## Exercise prompt
Copy nothing but the lines below running from the line containing "Mähdrescher des Typs" through the line containing "Рюкзак з натуральної", both end lines included.

## Source data

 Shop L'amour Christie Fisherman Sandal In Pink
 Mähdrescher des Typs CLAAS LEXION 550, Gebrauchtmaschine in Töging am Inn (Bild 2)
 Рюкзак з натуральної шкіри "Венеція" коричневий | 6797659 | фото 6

--

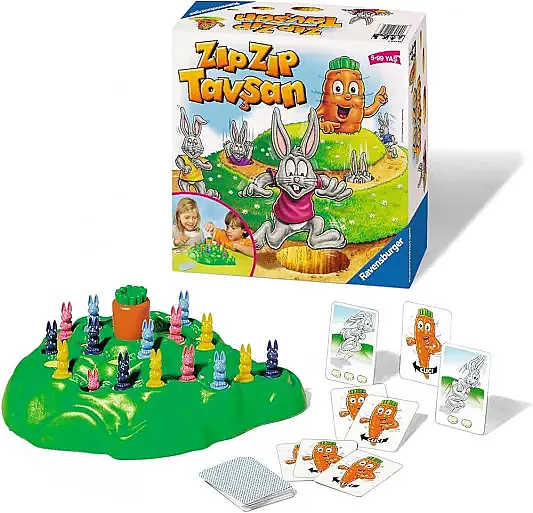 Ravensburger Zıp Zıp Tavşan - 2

## Solution
 Mähdrescher des Typs CLAAS LEXION 550, Gebrauchtmaschine in Töging am Inn (Bild 2)
 Рюкзак з натуральної шкіри "Венеція" коричневий | 6797659 | фото 6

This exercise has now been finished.